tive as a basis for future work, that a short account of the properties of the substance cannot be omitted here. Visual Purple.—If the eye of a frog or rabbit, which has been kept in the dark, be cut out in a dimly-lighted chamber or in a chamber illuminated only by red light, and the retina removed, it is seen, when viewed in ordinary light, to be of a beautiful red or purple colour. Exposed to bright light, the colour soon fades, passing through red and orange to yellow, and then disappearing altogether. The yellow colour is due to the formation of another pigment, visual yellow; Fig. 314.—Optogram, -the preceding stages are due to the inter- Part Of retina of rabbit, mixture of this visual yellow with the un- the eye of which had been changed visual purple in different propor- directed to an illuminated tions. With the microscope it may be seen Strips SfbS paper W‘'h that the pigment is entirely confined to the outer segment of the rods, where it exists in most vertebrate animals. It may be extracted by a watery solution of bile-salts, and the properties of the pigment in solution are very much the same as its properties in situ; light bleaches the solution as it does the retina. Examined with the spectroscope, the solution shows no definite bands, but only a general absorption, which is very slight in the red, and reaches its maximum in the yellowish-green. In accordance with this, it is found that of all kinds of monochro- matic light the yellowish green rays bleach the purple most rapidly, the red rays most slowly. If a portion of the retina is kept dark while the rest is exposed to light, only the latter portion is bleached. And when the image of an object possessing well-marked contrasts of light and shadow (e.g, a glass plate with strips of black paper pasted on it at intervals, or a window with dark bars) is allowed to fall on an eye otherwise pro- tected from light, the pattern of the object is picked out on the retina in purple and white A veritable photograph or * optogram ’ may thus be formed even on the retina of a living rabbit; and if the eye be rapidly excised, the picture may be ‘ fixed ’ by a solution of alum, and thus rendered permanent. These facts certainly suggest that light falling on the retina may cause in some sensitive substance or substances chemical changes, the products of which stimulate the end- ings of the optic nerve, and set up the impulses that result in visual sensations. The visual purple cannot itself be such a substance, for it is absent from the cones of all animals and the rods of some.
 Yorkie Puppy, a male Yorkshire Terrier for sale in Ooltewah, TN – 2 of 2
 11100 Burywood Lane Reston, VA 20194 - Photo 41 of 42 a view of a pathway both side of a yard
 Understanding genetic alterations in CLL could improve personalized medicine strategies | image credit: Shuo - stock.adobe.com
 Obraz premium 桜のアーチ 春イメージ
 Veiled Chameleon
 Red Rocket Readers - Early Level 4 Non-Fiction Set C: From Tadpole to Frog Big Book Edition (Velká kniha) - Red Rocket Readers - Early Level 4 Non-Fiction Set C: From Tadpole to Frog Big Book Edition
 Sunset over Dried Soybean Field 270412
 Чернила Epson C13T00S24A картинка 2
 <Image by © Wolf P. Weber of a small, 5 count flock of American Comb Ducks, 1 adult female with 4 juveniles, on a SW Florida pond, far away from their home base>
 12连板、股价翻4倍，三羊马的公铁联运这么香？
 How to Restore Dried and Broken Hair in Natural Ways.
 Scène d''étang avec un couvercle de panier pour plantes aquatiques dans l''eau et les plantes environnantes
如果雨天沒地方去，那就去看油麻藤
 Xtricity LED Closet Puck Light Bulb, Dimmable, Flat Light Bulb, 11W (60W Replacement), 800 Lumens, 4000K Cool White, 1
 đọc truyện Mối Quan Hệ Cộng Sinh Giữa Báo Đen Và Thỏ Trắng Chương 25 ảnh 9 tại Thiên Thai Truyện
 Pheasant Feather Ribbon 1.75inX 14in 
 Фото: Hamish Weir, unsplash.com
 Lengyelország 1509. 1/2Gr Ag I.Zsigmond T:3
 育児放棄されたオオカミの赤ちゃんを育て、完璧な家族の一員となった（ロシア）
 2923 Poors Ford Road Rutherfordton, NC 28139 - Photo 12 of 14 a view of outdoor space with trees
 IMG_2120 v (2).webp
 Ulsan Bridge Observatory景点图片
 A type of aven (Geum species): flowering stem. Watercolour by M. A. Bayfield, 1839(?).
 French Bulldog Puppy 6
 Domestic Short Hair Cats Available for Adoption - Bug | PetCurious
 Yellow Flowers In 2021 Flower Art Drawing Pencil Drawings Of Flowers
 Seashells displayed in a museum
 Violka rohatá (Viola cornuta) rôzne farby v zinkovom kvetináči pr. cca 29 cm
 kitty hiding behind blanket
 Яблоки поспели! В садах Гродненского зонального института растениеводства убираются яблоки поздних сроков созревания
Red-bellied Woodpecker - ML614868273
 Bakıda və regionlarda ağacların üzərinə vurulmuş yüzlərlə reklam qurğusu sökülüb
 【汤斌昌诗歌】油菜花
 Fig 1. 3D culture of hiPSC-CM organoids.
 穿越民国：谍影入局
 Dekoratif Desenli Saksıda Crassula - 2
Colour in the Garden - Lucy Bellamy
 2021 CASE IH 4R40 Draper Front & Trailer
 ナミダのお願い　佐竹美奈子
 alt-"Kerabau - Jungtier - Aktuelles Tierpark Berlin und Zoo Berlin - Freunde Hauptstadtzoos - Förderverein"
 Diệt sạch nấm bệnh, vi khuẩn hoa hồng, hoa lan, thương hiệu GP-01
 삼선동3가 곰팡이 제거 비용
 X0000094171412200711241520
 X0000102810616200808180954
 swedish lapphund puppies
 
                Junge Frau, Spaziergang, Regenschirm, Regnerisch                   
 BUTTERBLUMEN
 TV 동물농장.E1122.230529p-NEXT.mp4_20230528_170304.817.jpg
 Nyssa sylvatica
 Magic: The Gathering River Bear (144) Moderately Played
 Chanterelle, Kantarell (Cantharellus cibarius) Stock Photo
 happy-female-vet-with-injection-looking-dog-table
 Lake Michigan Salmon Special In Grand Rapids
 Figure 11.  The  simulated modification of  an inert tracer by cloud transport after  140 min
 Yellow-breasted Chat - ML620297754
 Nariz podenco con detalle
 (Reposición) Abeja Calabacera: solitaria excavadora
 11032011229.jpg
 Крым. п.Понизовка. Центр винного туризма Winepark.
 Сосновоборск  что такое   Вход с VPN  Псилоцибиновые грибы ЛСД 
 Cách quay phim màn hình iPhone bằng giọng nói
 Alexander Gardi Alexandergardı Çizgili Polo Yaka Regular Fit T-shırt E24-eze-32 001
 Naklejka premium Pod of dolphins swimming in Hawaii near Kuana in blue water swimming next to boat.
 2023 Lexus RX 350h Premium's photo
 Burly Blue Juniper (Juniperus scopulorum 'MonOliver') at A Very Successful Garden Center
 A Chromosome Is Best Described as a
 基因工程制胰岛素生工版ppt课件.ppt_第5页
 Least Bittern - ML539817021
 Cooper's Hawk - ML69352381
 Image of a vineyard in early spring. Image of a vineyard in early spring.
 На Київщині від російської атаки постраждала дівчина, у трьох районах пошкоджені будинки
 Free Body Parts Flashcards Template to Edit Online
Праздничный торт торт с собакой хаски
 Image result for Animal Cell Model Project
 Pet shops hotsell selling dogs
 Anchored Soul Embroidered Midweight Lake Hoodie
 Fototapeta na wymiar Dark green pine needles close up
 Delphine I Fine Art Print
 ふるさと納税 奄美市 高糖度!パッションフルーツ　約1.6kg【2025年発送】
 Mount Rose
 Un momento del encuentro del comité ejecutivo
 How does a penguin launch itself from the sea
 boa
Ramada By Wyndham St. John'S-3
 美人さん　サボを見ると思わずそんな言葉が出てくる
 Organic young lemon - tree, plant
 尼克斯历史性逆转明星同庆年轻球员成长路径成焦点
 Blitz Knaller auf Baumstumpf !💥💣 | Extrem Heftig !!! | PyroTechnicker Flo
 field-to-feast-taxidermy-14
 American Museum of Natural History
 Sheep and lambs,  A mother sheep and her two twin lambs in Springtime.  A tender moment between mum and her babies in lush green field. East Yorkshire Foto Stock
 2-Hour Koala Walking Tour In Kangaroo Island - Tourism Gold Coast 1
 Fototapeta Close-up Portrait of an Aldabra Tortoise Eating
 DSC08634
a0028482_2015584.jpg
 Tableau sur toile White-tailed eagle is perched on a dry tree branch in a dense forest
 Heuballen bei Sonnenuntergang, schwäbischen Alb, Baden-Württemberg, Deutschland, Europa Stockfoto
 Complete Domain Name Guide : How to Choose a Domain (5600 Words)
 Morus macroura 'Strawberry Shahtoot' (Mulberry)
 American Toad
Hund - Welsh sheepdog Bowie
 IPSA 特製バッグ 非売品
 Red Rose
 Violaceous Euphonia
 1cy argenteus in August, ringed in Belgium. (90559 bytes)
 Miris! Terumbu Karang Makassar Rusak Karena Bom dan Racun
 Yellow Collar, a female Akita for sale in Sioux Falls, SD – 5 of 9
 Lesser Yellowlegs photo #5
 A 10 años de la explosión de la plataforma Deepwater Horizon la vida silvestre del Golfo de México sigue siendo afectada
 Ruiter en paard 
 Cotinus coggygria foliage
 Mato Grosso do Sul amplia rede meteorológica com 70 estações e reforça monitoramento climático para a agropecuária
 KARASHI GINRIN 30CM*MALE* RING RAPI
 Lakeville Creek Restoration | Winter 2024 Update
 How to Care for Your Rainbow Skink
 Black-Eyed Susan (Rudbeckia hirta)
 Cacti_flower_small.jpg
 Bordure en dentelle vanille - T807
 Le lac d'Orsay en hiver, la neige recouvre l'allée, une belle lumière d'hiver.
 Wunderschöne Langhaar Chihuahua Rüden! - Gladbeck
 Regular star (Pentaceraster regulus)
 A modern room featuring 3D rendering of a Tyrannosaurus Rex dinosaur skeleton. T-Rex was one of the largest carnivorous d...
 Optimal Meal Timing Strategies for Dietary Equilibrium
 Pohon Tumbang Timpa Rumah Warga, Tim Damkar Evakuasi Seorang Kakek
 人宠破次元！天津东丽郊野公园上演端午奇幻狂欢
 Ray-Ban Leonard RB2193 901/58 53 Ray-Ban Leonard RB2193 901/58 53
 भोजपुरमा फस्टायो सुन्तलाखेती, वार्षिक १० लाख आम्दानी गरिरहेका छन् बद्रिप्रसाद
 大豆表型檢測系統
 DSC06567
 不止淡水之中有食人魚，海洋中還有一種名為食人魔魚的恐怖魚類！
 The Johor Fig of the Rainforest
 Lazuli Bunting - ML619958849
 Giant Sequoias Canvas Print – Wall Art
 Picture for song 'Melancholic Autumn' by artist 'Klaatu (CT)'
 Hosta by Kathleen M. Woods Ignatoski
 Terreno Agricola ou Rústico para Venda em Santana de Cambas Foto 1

========================================

## Description of the task
From the line containing "Cotinus coggygria foliage" through the last line of the entries above, print each line exactly as it stands.

## Solution for this exercise
 Cotinus coggygria foliage
 Mato Grosso do Sul amplia rede meteorológica com 70 estações e reforça monitoramento climático para a agropecuária
 KARASHI GINRIN 30CM*MALE* RING RAPI
 Lakeville Creek Restoration | Winter 2024 Update
 How to Care for Your Rainbow Skink
 Black-Eyed Susan (Rudbeckia hirta)
 Cacti_flower_small.jpg
 Bordure en dentelle vanille - T807
 Le lac d'Orsay en hiver, la neige recouvre l'allée, une belle lumière d'hiver.
 Wunderschöne Langhaar Chihuahua Rüden! - Gladbeck
 Regular star (Pentaceraster regulus)
 A modern room featuring 3D rendering of a Tyrannosaurus Rex dinosaur skeleton. T-Rex was one of the largest carnivorous d...
 Optimal Meal Timing Strategies for Dietary Equilibrium
 Pohon Tumbang Timpa Rumah Warga, Tim Damkar Evakuasi Seorang Kakek
 人宠破次元！天津东丽郊野公园上演端午奇幻狂欢
 Ray-Ban Leonard RB2193 901/58 53 Ray-Ban Leonard RB2193 901/58 53
 भोजपुरमा फस्टायो सुन्तलाखेती, वार्षिक १० लाख आम्दानी गरिरहेका छन् बद्रिप्रसाद
 大豆表型檢測系統
 DSC06567
 不止淡水之中有食人魚，海洋中還有一種名為食人魔魚的恐怖魚類！
 The Johor Fig of the Rainforest
 Lazuli Bunting - ML619958849
 Giant Sequoias Canvas Print – Wall Art
 Picture for song 'Melancholic Autumn' by artist 'Klaatu (CT)'
 Hosta by Kathleen M. Woods Ignatoski
 Terreno Agricola ou Rústico para Venda em Santana de Cambas Foto 1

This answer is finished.